By NATARIO McKENZIE
Tribune Business Reporter
THE Deputy Prime Minister yesterday said the Government could have saved Bahamian taxpayers millions of dollars if it had an effective internal audit programme.
K Peter Turnquest, addressing a Bahamas Institute of Chartered Accountants (BICA) and Association of Certified Fraud Examiners (ACFE) seminar, stressed the need to strengthen this function.
He added that an effective internal audit programme, and commitment by the Government to follow through on its recommendations, could have prevented significant losses. Mr Turnquest, who is also minister of finance, also said the Auditor General's department needed strengthening from both a staffing and capacity standpoint.
"Our internal audit functions need strengthening.

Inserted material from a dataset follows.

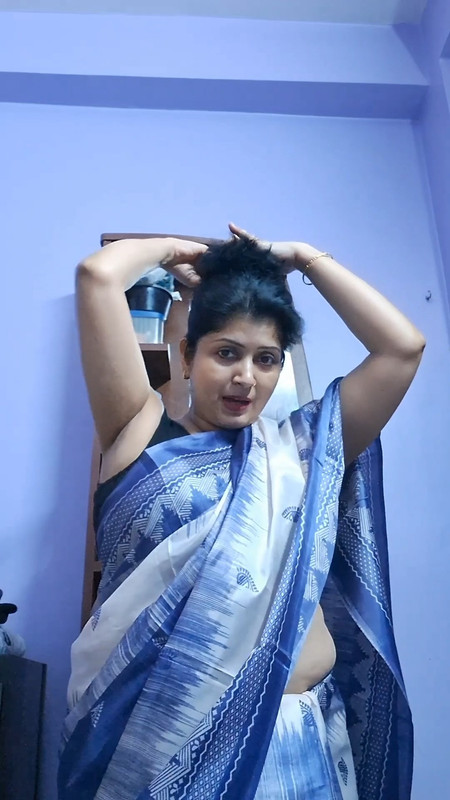 Bengali Fleshy aunty sexy armpits wide belly and deep navel show in blue saree.mp4_snapshot_02.24.28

It has been overlooked," the Deputy Prime Minister. "That is something we are focusing on, and want to ensure that we have the right people and right number of people.
"If the Government had an effective internal audit programme, and the willingness and commitment to follow the recommendations made, we would have saved millions over the last couple of years."

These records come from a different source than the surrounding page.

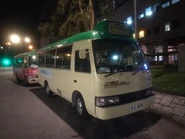 大埔專線小巴旗下用車FJ3018停泊大埔墟站（2025年11月）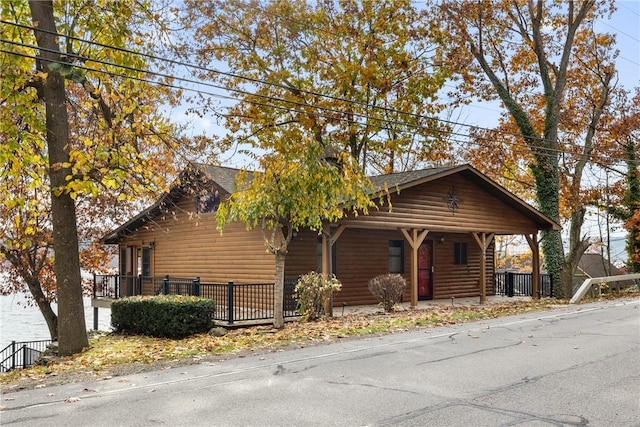 view of front facade with log veneer siding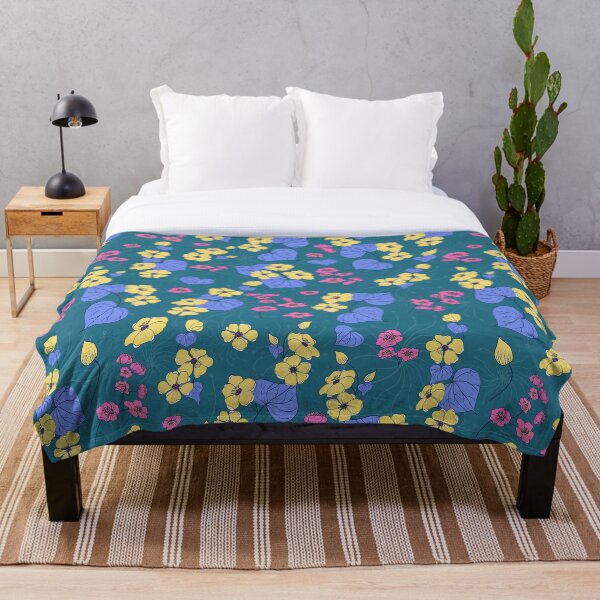 Aperçu de l'œuvre Motif floral jaune et rose créée et vendue par purplesparrow.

Turning to the economy and fiscal measures, Mr Turnquest said the Bahamas' current rate of GDP growth "won't do". "The average over the last decade, when we take the peaks and valleys out, is 1 per cent. It won't do," he reaffirmed.

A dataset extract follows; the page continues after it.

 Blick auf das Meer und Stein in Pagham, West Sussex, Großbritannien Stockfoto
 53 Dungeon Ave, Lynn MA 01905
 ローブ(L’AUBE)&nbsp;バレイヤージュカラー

Mr Turnquest said the Government was also aiming to move the Bahamas from the bottom third and into the top half of the World Bank's 'ease of doing business' rankings. "I do not accept that we are any slower or less aggressive than anyone else in the region," said Mr Turnquest.
Underscoring the need for expenditure controls and 'fiscal rules', Mr Turnquest said all the revenue gained from Value-Added Tax's (VAT) introduction will evaporate due to an increase in government spending.
"Programmes were implemented that didn't have the necessary controls in place, nor did they have well-defined missions, resulting in runaway spending," said Mr Turnquest.
He added that the Minnis administration was committed to introducing legislation for 'fiscal rules' before the next Budget cycle. Mr Turnquest said the rules could include capping debt-to-GDP, targeting the level of concessions given to foreign direct investment (FDI), and also domestic investment, as a percentage of GDP.
"We want to look at wages as a percentage of GDP to ensure we put in some guidelines to help build-in the kind of discipline we need to arrest this debt slide we have, and bring it down eventually as the economy expands," said Mr Turnquest.